Facile one-pot synthesis of iron nanoparticles immobilized into the porous hydrochar for catalytic decomposition of phenol

Abstract

Iron-based nanocatalysts were synthesized by a green and facile one-pot hydrothermal carbonization (HTC) process. Precursory iron salts with different concentrations were dissolved together with the lignocellulosic matrix (i.e., pinewood sawdust) in the solution, and the mixtures were heated to 200°C for 1h in a sealed autoclave. After hydrothermal treatment, carbon spheres were formed with the iron precursors tightly embedded in the microsphere/mesopheres of the amorphous carbon matrix. By contrast, the impregnation of the iron salts onto the hydrothermal carbons (hydrochars) derived from HTC of sawdust were conducted as a control method. The nanomaterials prepared by these two approaches were evaluated comparatively. Compared to the impregnation approach, a nanocatalyst with more uniformly dispersed Fe nanoparticles (NPs) immobilized on the hydrochars was produced by the one-pot synthesis. Furthermore, the particle size of the Fe NPs and surface area of the nanocatalysts via the one-pot synthesis can be manipulated. The catalytic abilities of the Fe-based nanomaterials prepared by the two approaches were then tested in a fixed bed tubular reactor for biomass tar using phenol as the model compound. The nanocatalysts prepared by the one-pot synthesis exhibited higher catalytic activity in the thermal decomposition of the phenol at mild temperatures and resistance to coke deposition.
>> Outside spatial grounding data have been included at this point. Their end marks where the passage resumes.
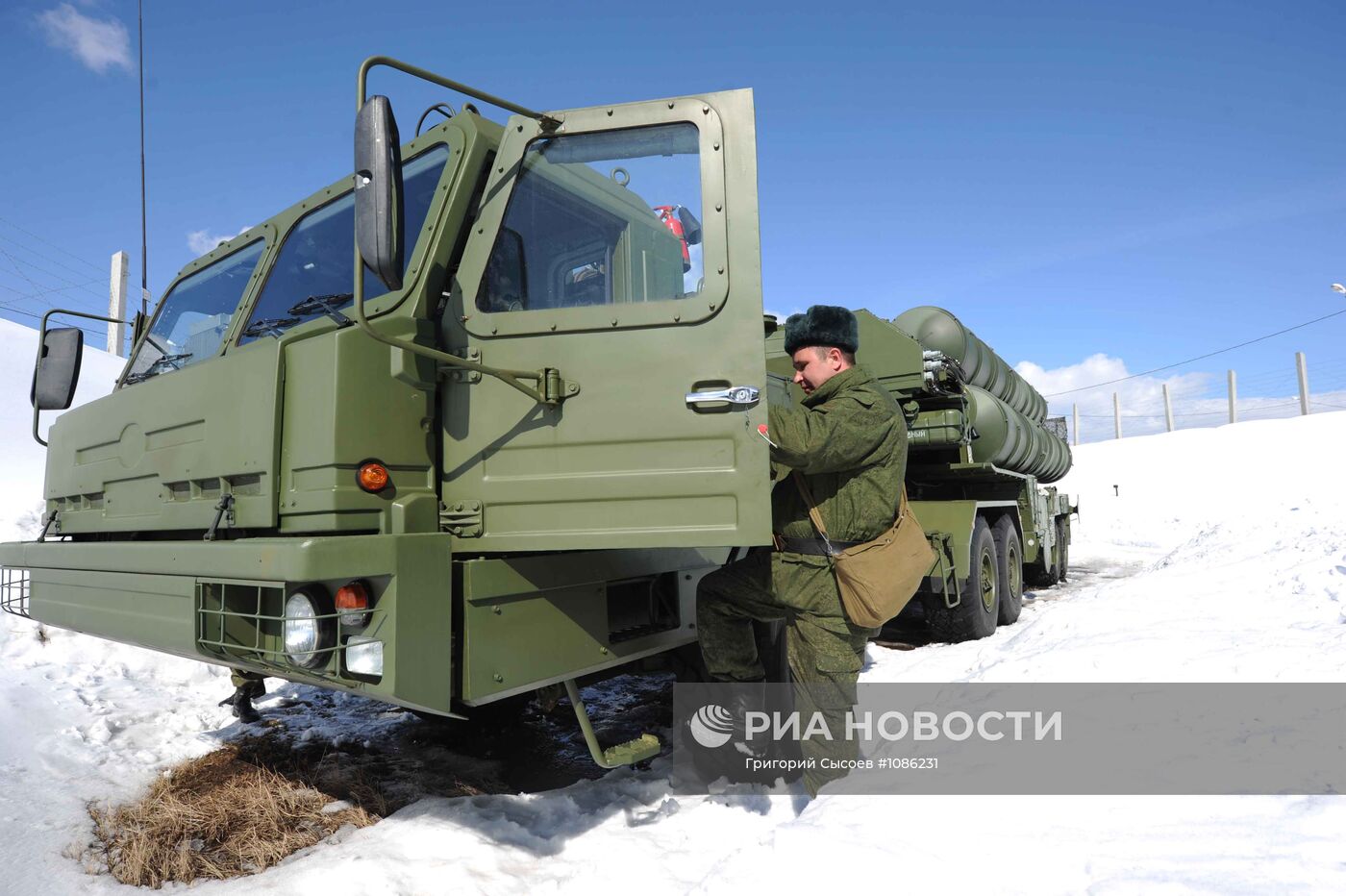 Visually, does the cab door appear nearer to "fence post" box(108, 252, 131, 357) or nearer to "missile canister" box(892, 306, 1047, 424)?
"missile canister" box(892, 306, 1047, 424)

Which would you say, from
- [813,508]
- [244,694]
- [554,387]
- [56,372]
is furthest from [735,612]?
[56,372]

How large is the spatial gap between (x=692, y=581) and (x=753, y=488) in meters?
0.97

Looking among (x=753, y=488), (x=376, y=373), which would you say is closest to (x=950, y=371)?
(x=753, y=488)

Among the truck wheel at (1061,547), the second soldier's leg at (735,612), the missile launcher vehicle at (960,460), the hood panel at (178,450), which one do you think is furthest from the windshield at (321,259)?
the truck wheel at (1061,547)

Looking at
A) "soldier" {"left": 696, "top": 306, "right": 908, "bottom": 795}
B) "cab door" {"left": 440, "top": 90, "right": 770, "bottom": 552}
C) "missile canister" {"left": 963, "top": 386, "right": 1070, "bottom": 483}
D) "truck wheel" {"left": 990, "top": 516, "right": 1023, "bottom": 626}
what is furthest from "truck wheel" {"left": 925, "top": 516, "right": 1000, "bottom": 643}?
"cab door" {"left": 440, "top": 90, "right": 770, "bottom": 552}

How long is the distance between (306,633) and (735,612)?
1.58 m

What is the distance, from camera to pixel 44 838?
2.66m

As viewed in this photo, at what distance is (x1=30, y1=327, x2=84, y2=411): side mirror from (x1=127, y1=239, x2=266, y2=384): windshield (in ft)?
0.84

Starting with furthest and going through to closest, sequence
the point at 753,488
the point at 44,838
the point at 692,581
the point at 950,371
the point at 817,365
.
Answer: the point at 950,371
the point at 692,581
the point at 817,365
the point at 44,838
the point at 753,488

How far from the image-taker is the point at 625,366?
7.82 ft

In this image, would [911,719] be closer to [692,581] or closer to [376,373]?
[692,581]

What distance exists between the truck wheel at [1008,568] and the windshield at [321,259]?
5727 mm

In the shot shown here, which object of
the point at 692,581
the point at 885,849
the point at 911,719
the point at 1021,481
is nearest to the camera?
the point at 885,849

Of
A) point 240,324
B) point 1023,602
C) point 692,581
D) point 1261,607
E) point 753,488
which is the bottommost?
point 1023,602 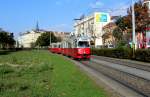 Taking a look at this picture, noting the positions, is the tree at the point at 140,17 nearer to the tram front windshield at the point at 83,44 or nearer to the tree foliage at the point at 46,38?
the tram front windshield at the point at 83,44

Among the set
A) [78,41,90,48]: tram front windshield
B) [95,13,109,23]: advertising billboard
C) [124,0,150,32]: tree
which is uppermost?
[95,13,109,23]: advertising billboard

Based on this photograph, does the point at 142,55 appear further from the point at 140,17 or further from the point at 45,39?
the point at 45,39

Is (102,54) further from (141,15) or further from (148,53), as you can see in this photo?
(148,53)

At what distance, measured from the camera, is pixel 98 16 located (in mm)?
165000

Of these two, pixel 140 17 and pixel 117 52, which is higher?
pixel 140 17

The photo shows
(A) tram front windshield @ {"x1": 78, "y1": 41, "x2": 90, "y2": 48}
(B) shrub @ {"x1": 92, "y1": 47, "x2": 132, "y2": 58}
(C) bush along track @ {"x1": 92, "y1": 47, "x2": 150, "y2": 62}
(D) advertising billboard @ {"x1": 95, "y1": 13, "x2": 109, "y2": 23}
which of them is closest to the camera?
(C) bush along track @ {"x1": 92, "y1": 47, "x2": 150, "y2": 62}

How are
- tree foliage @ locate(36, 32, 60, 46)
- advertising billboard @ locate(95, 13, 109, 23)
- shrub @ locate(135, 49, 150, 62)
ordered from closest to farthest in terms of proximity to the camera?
shrub @ locate(135, 49, 150, 62) < advertising billboard @ locate(95, 13, 109, 23) < tree foliage @ locate(36, 32, 60, 46)

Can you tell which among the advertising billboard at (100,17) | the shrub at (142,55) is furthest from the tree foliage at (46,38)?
the shrub at (142,55)

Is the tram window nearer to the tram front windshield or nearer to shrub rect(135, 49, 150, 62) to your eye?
the tram front windshield

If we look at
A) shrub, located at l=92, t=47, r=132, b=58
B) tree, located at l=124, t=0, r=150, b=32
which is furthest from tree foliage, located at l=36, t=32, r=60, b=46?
shrub, located at l=92, t=47, r=132, b=58

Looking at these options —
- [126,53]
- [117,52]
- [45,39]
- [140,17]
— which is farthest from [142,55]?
[45,39]

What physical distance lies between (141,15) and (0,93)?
62955mm

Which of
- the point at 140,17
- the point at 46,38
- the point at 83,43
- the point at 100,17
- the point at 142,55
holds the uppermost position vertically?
the point at 100,17

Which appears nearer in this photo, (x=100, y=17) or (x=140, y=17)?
(x=140, y=17) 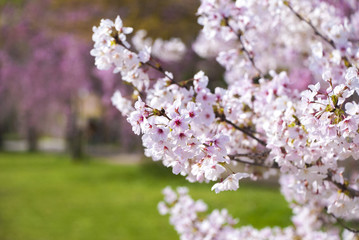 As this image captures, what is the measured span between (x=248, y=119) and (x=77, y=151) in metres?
19.7

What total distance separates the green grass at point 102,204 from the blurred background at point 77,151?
0.02 m

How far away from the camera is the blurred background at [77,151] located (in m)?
8.63

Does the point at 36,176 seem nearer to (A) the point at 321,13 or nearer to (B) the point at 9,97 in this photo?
(B) the point at 9,97

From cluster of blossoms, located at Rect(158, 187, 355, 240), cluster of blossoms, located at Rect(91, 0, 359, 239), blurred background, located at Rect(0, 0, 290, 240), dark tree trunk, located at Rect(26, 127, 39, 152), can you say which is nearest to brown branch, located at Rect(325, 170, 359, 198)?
cluster of blossoms, located at Rect(91, 0, 359, 239)

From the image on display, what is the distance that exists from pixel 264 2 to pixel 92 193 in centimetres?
1017

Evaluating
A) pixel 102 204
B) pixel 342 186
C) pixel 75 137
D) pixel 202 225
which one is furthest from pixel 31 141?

The present study showed that the simple and efficient one-pot synthesis assisted uniform dispersion of Fe NPs on the surface of hydrochar through a surface-mediated chemistry. In addition, such facile one-pot synthesis may be applied to synthesize other metal or metal oxide NPs embedded in the hydrochars with more complex structures and unique chemical/physical properties.